Beginning his concurring opinion with two stanzas from Dylan's 1964 song, Brill described a series of scenarios in which same-sex and heterosexual couples seek to become parents, and how the law treats the two groups differently.

Legislative or executive branch action is needed to fix the laws, Brill argued, with emphasis using the words of the Nobel laureate.

"The times indeed are a-changin'. All three branches of the government must change accordingly. It is time to heed the call," Brill wrote in his conclusion.

In her concurring and dissenting opinion, Wood also encouraged the Legislature to take action and also dissented with the majority's decision not send the case back to circuit court to reconsider Rudofsky's proposal.

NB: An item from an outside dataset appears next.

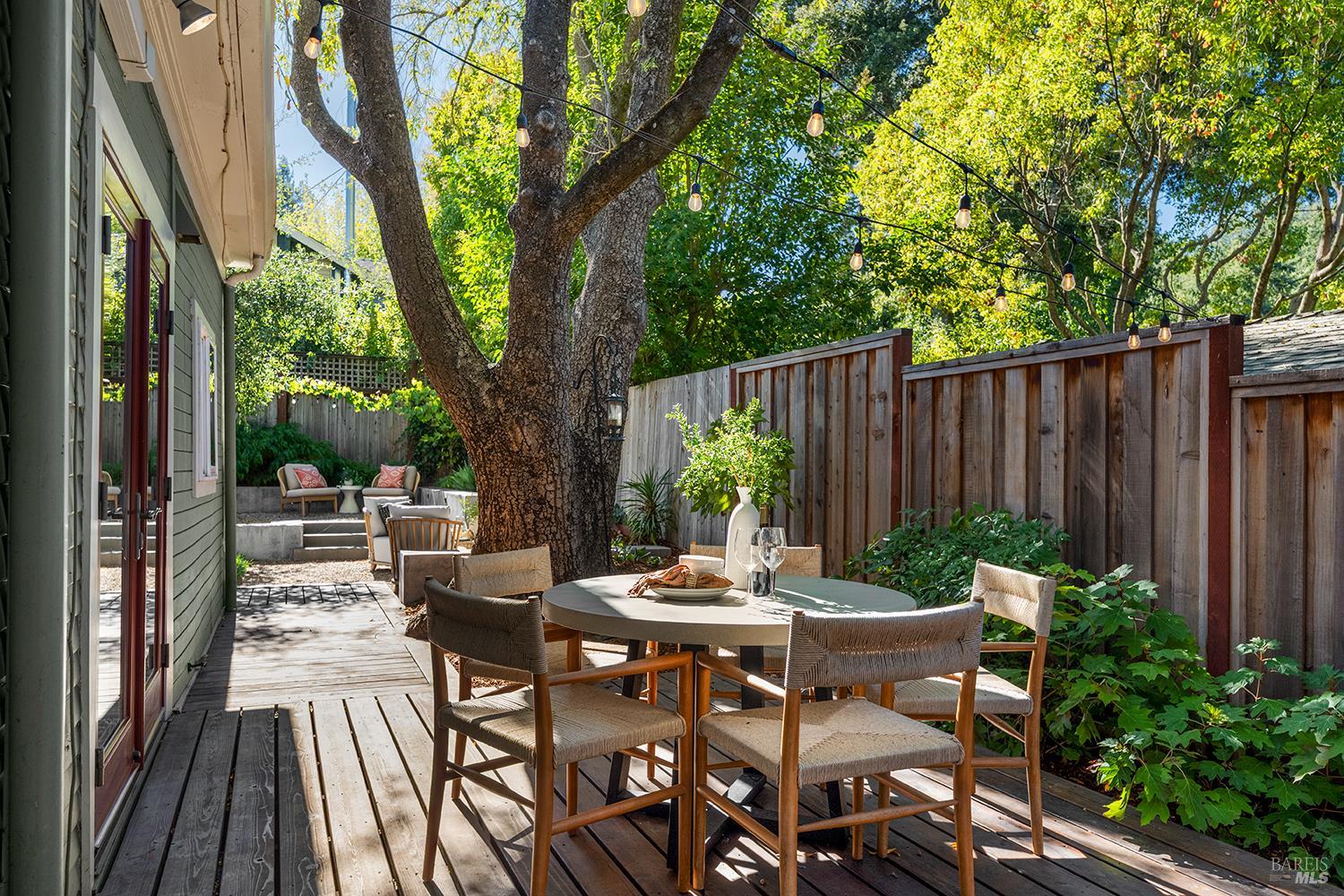 306 Pitt Avenue Sebastopol CA 95472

Justice Paul Danielson wrote a strictly dissenting opinion that agreed with Fox's ruling to change birth certificate statutes.

Danielson and Wood also wrote they disagreed with the court's decision to admonish Fox.

A Section on 12/09/2016

*CORRECTION: In a Dec. 8 Arkansas Supreme Court ruling, four justices formed a majority to reverse and dismiss a lower court ruling that both spouses’ names should appear on a child’s birth certificate, even if the couple is of the same sex. One judge disagreed with the majority’s opinion. Two justices wrote their own separate opinions agreeing in part with the ruling, while dissenting on other parts. A previous version of this story described the vote as 6-1. One justice who concurred in part and dissented in part said Tuesday that the vote was 4-3. The other justice said it could be described as a vote of 4-1-1-1.